The company offers two kinds of cascara coffees — Thogarihunkal Estate Cascara and Tat Tvam Organica Coffee Estate Cascara.
India is one of the largest exporters of coffee in the world, however, several studies reveal that India’s per capita consumption of coffee is very low.
Nishant explains, “There are various reasons for this. For instance, in southern India, coffee is very popular but in a different form. Making a filter coffee lover consume a freshly brewed coffee is very difficult.”
The other parts of the country, he says, are mostly tea-consuming. However, the trend is slowly catching up, thanks to the likes of Blue Tokai and KC Roasters.
While coffee remains central to the business, the company has diversified its menu to include salads, platters, and other snack and meal items. Nishant adds that 50 percent of the business comes from the food itself. Diversification has given him the opportunity and space to experiment in the coffee space.
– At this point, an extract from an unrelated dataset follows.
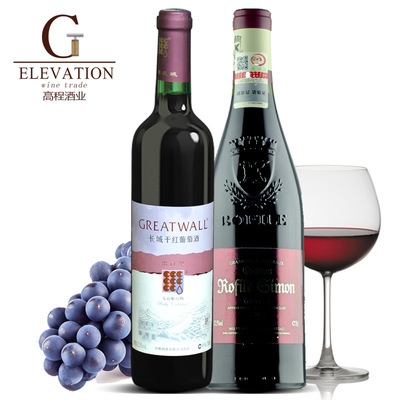 法國(guó)原裝進(jìn)口紅酒批發(fā) 羅菲爾西蒙長(zhǎng)城出口型解百納兩瓶套裝紅酒 圖片_高清大圖 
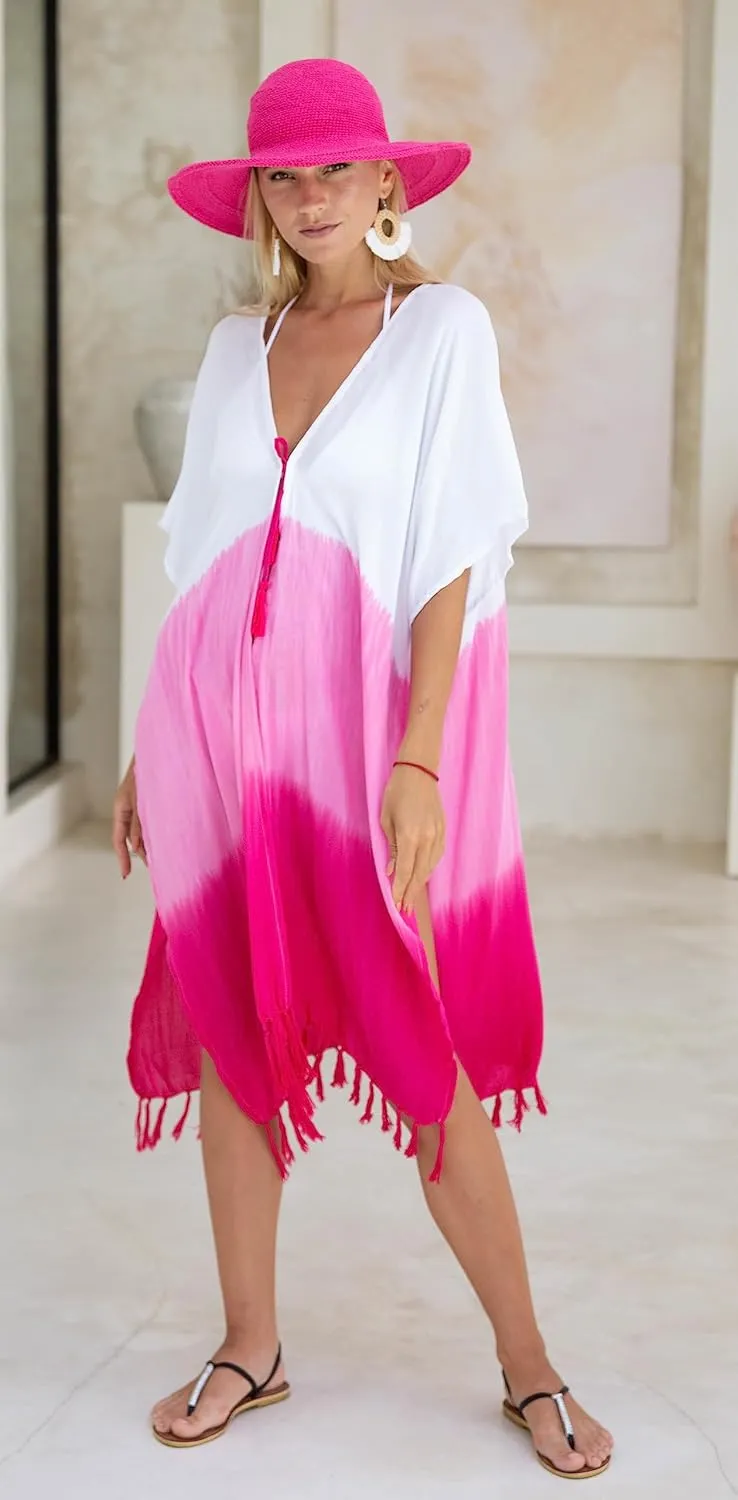 SHU-SHI Womens Kimono Cardigan Fringe Ombre Swimwear Extra Wide Flowy Robe Beach Cover Up Open Front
Nishant also runs a separate entity — bean-to-bar chocolate brand, Colocal, with his spouse Sheetal Saxena.
From offline to online
The coronavirus pandemic did not spare Roastery Coffee House either. Nishant, who had majorly been operating through the offline space, was compelled to go online in the wake of COVID-19.
He says, “People would often ask us to ship coffee or sell it online. But our whole business model was focused on giving people a good cup of coffee in a cafe-like experience. But the pandemic changed everything.”
The cafe was shut for a few months owing to the lockdown. Nishant used this time to launch its website and get listed on marketplaces such as Amazon and 16 Gram Coffee.
He also created a lot of content to enhance his website and connect with the customers. He says, “The cafe was closed but the demand was there. Everybody had a lot of time in their hands so they wanted their coffee, even if it meant brewing it at home.”
Nishant says he conducted several workshops while working on the online model. He says that he faced a lot of struggle to deliver the coffee on time. There was even a point when floods in Hyderabad halted the delivery services for a few days.
What lies ahead?
Nishant predicts the Indian coffee industry will undergo a change in the coming times. “It is high time that people should move away from the mindset of treating coffee as a thing to give you some kick. We should start enjoying it the way it is,” he reflects.
He adds that the cafe culture is not going anywhere and it is only a matter of time before the cafe business bounces back.
“Work from home culture is benefitting a lot of MNCs, hence, online sales are going to increase,” Nishant says.
Apart from working on and enhancing the online model, Nishant wants to establish a Roastery Coffee House cafe in every metropolitan city in India. “We don’t want multiple outlets in one city. Our approach is more like one cafe in one city,” he illustrates.